You are viewing a plain text version of this content. The canonical link for it is here.

Posted to users@cloudstack.apache.org by Douglas Land <ds...@looprock.com> on 2016/07/05 16:15:17 UTC

Issue with 'stuck' virtual routers

We pulled a host from the pool for upgrades, and in the process seems to
have gotten a virtual router in an odd state. It's showing as destroyed in
the UI, but cloudmonkey says it's still expunging.

This host has been completely rebuild including completely redisked. On the
management node I found:

mysql> select * from op_ha_work
    -> ;
+----+-------------+-----------+--------------+-----------+----------------+---------+---------------------+-------+-------+-----------+-------------+---------+
| id | instance_id | type      | vm_type      | state     | mgmt_server_id
| host_id | created             | tried | taken | step      | time_to_try |
updated |
+----+-------------+-----------+--------------+-----------+----------------+---------+---------------------+-------+-------+-----------+-------------+---------+
|  1 |          13 | Migration | DomainRouter | Expunging |           NULL
|      24 | 2016-07-01 14:34:17 |     0 | NULL  | Migrating |  1433332034 |
    205 |
|  4 |          78 | Migration | DomainRouter | Destroyed |           NULL
|      24 | 2016-07-01 14:34:17 |     0 | NULL  | Migrating |  1433332092 |
     68 |
+----+-------------+-----------+--------------+-----------+----------------+---------+---------------------+-------+-------+-----------+-------------+---------+

I removed those  entries, but when the hosts persist. Via cloudmonkey it
shows expunging:
{
  "count": 1,
  "router": [
    {
      "account": "engineering",
      "created": "2014-09-05T03:56:07+0200",
      "dns1": "172.16.8.46",
      "dns2": "172.16.8.47",
      "domain": "engineering",
      "domainid": "1da498ba-5646-4cc3-a704-a20ebe12f518",
      "id": "dc48a402-41d8-4e93-b441-4b34eb83a4c8",
      "isredundantrouter": true,
      "name": "r-78-VM",
      "nic": [],
      "podid": "f53afa8d-51ff-484d-9a88-52e979aeb688",
      "redundantstate": "UNKNOWN",
      "requiresupgrade": false,
      "role": "VIRTUAL_ROUTER",
      "serviceofferingid": "ed6b13d0-3e74-4aa5-a6b7-a5d2ac6c4a6c",
      "serviceofferingname": "System Offering For Software Router",
      "state": "Expunging",
      "templateid": "bb3f7e4e-d7f6-4a72-a752-12c3221e43e9",
      "version": "4.4.1",
      "zoneid": "3467ff63-b582-4ace-9fda-8d5851bd8753",
      "zonename": "Oakland"
    }
  ]
}

If I try to destroy the host from the api I get:

Async job cf08d7fa-1609-4d0e-b33c-63cc38f7e897 failed
Error 530, Unable to locate datastore with id 18
{
  "accountid": "e3389462-6020-425a-9b9e-57141d58e1ab",
  "cmd": "org.apache.cloudstack.api.command.admin.router.DestroyRouterCmd",
  "created": "2016-07-05T17:23:53+0200",
  "jobid": "cf08d7fa-1609-4d0e-b33c-63cc38f7e897",
  "jobprocstatus": 0,
  "jobresult": {
    "errorcode": 530,
    "errortext": "Unable to locate datastore with id 18"
  },
  "jobresultcode": 530,
  "jobresulttype": "object",
  "jobstatus": 2,
  "userid": "xxx"
}

I'm guessing I need to remove all references for the routers from the
database. Does anyone know what table(s) that's stored in?

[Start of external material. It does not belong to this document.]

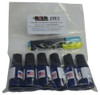6PACK1OZC0 Six Pack of one ounce bottles Clear Blue UV Hand Stamping Inks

Re: Issue with 'stuck' virtual routers

Posted by Douglas Land <ds...@looprock.com>.

I was able to resolve this issue today with a good deal of help from Simon
Weller (thanks!)

We're running local storage and for some reason, though we put the host in
maintenance mode and shut down the virtual routers (I didn't do this
operation so I'm not 100% certain how we went about it), the routers both
stuck in the expunging state. We completely redisked the server so that
storage pool didn't exist any longer and the virtual host certainly didn't
exist in any capacity though they were still showing up in the API calls.

I tried a restartNetwork cleanup=false operation which reported succeeded
for on network and failed for the second, but no virtual routers were
created as a result.  Eventually I deleted that migration jobs from op_ha_work,
and the instances themselves from vm_instances. It felt a bit drastic but
marking them as Destroyed didn't seem to help and I was unable to issue a
destroy command via the API. So far that appears to have take care of the
situation. Once I manually deleted the entries I was able to execute
restartNetwork
cleanup=false successfully and the virtual routers were recreated.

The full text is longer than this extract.